EXERCISE OBJECTIVE: Retype, word for word, the line holding "this 400×266 image." and each line after it down to the end of the data; pictures are not copied.

[Collected data]
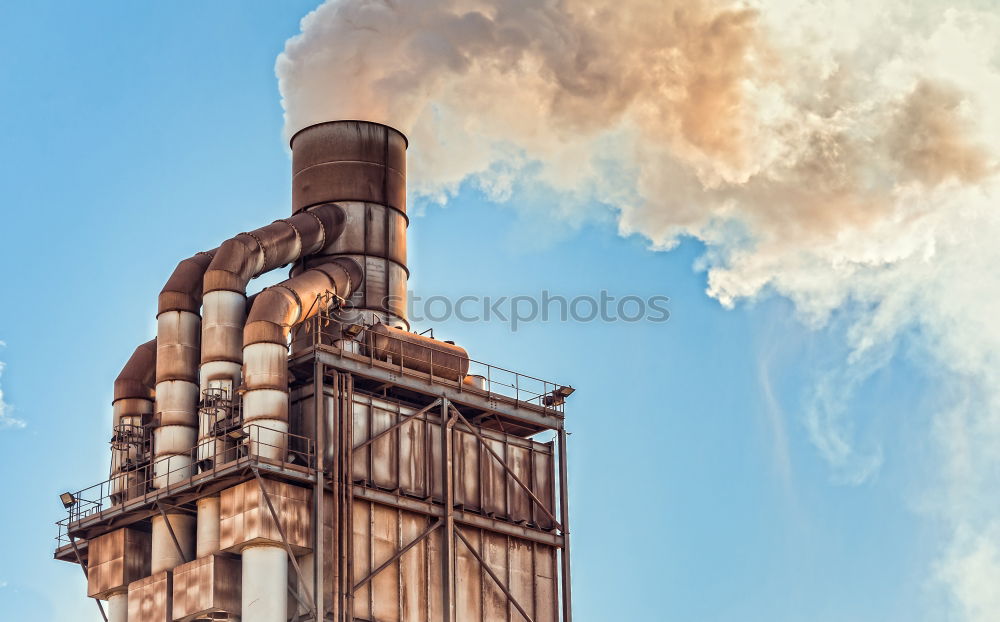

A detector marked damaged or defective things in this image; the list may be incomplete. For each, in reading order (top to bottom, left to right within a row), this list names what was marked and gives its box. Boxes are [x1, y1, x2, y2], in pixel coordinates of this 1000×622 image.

rusty metal pipe [241, 260, 360, 460]
corroded steel structure [56, 119, 572, 620]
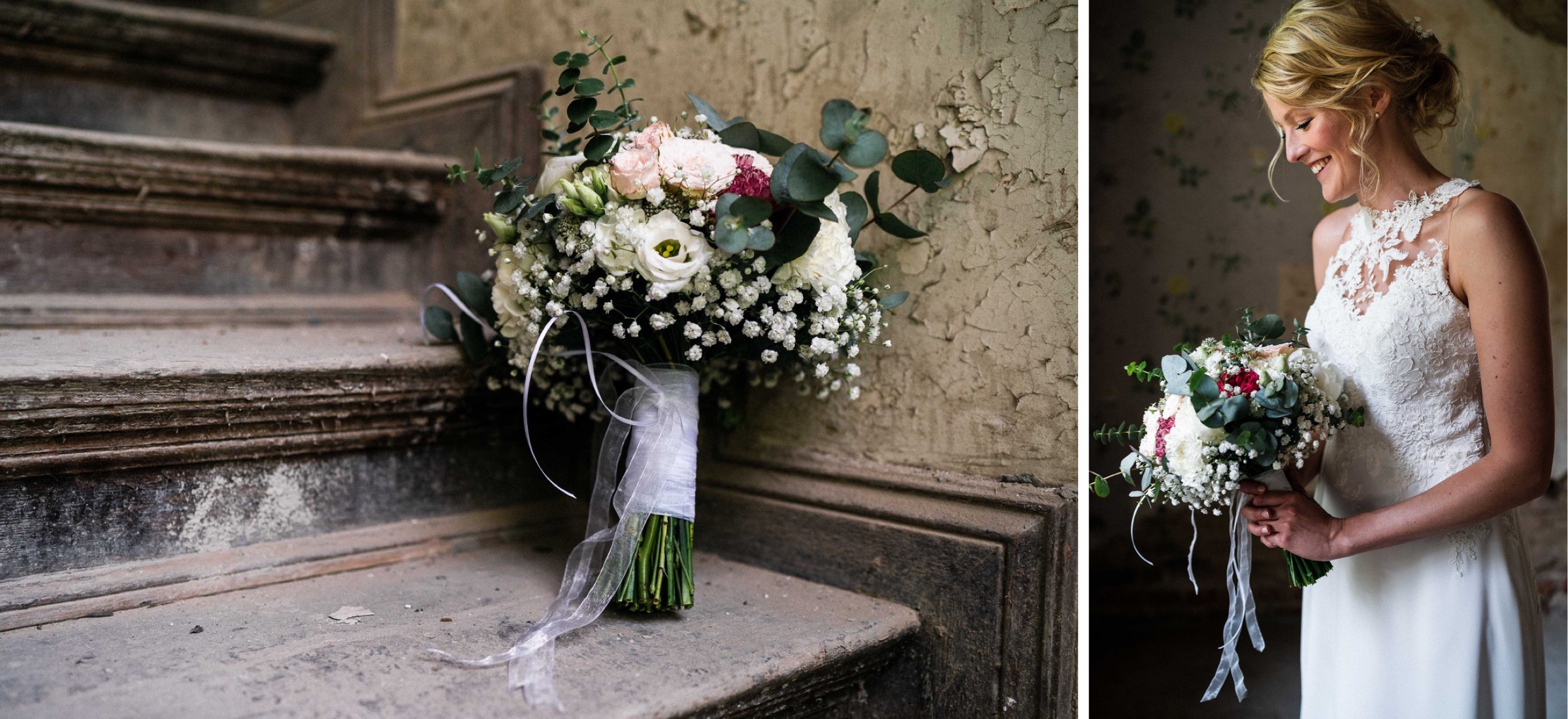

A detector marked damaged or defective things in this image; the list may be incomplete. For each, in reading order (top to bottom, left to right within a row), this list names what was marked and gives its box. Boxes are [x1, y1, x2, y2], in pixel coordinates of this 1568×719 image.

peeling plaster wall [392, 1, 1079, 483]
cracked wall surface [392, 0, 1079, 486]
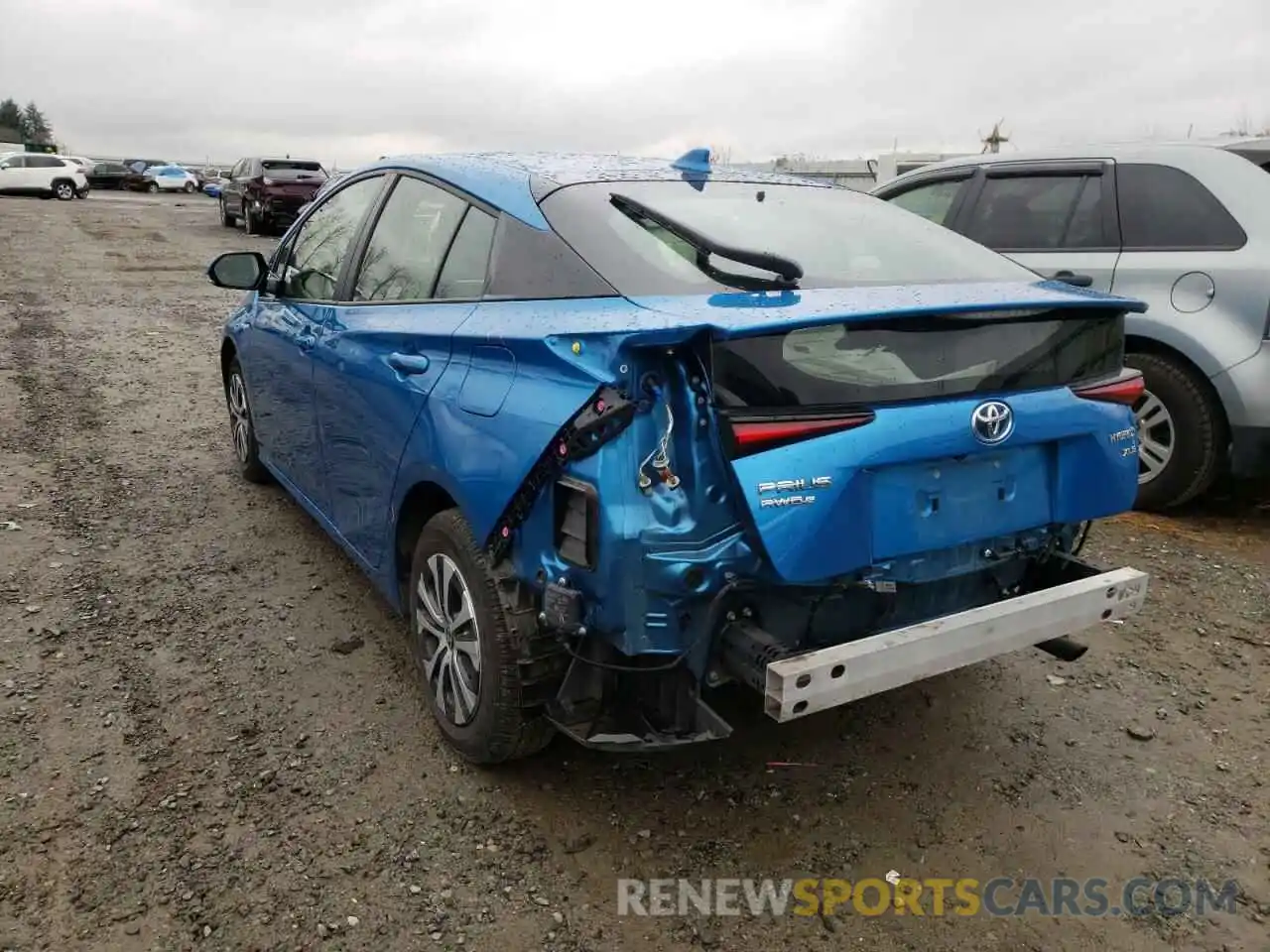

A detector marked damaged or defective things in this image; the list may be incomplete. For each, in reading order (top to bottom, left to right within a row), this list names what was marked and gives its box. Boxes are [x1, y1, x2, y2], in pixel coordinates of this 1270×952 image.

damaged vehicle [206, 155, 1151, 766]
detached bumper [762, 563, 1151, 722]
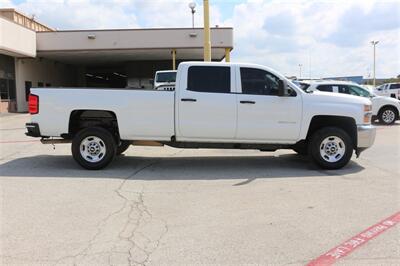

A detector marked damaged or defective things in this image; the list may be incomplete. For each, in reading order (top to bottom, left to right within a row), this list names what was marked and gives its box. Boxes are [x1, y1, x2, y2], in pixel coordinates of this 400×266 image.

crack in pavement [53, 159, 169, 264]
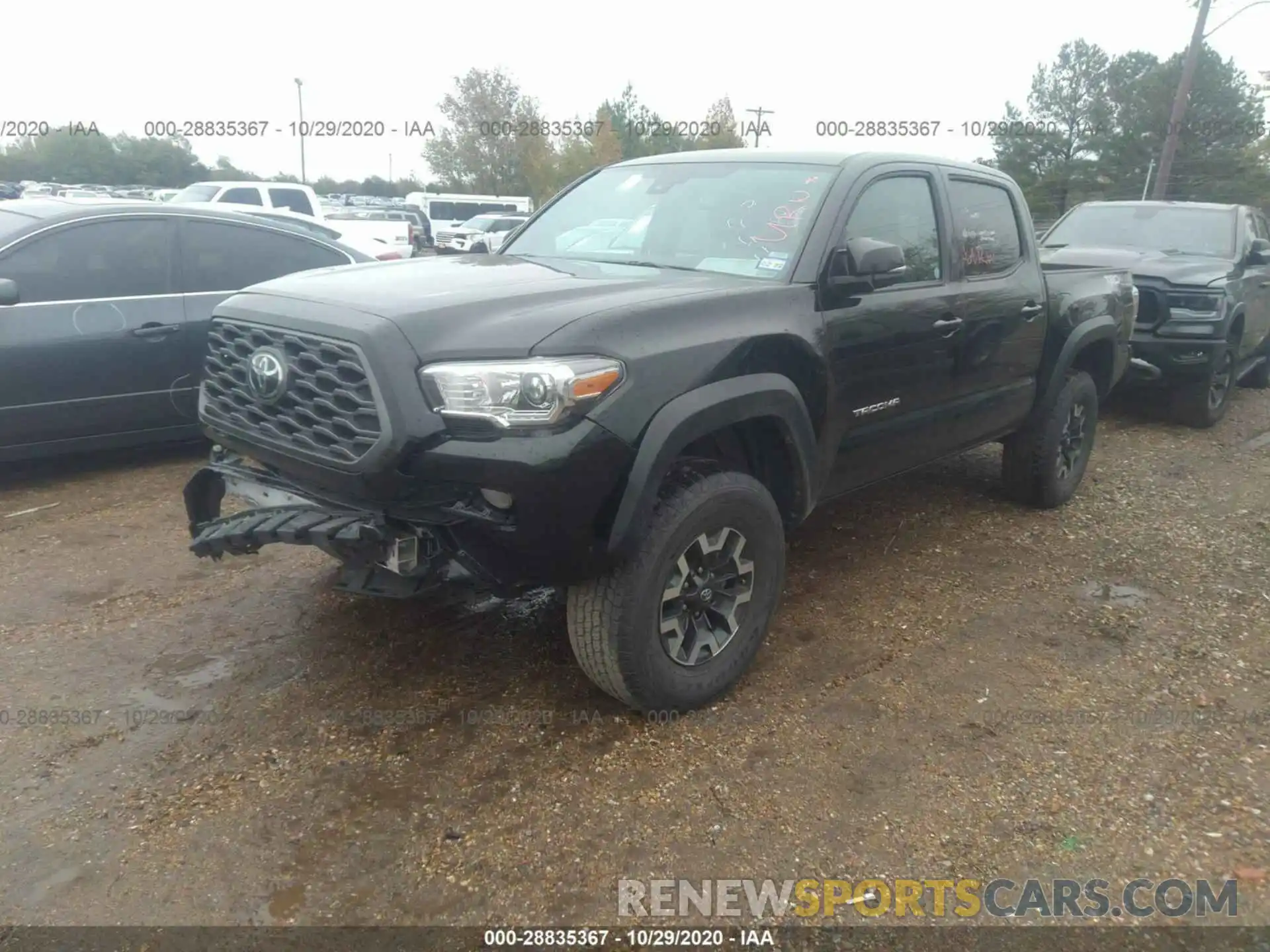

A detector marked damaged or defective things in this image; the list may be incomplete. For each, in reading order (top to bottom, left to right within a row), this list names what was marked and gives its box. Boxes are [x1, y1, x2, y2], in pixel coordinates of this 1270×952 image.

detached bumper piece [190, 508, 388, 566]
damaged front bumper [183, 452, 472, 599]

WRITTEN REPLY:
A detector marked damaged or defective things in this image; the list may be incomplete. For each, in reading order (top to bottom, left to right within a row), this list names what was marked and gives its box. Boxes are [x1, y1, x2, y2], in pixel coordinates of this 400×266 image.

crack in pavement [53, 159, 169, 264]

A detector marked damaged or defective things in this image; the list may be incomplete. For each, in reading order (top to bottom, left to right within a row), this list names what was marked and gives its box. Boxes are [x1, y1, x2, y2], in pixel coordinates of this 1270×952 image.

detached bumper piece [190, 508, 388, 566]
damaged front bumper [183, 452, 472, 599]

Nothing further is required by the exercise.